Sharing alike on the Internet
Storage sharing over the Internet between different host platforms has been possible since the 1980s and the rise of the Network File System (NFS) and other distributed, shared-file systems. Such protocols typically define how to exchange the files between computers. Some can define user permissions and shared access control between the hosts, while others can use transport-level security mechanisms to encrypt the data for transfer, but such protocols are in the minority.

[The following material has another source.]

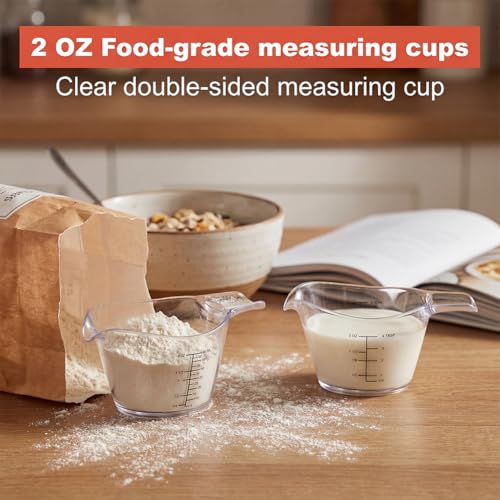 4 Pack Small Measuring Cups, 2oz/60ml Mini Measuring Cup with tsp/Tbsp/oz/ml Markings, Double-Sided Clear Easy-Read Scale for Kitchen, Resin, DIY, Beauty Mixing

The problem with storage over the Internet isn't the ability to share data, but the ability to do it quickly and reliably. Storage buses run at speeds from 10 Mbps to several hundred megabytes per second, which is faster than the network interfaces on many servers. Most companies don't have very-high-speed links such as OC-3c running at 155 Mbps between sites allocated for the sole purpose of providing storage services. Such a configuration is simply too expensive if the sites are distributed. Additionally, using network protocols such as TCP/IP increases overhead to each block of data transmitted between the server and the storage systems.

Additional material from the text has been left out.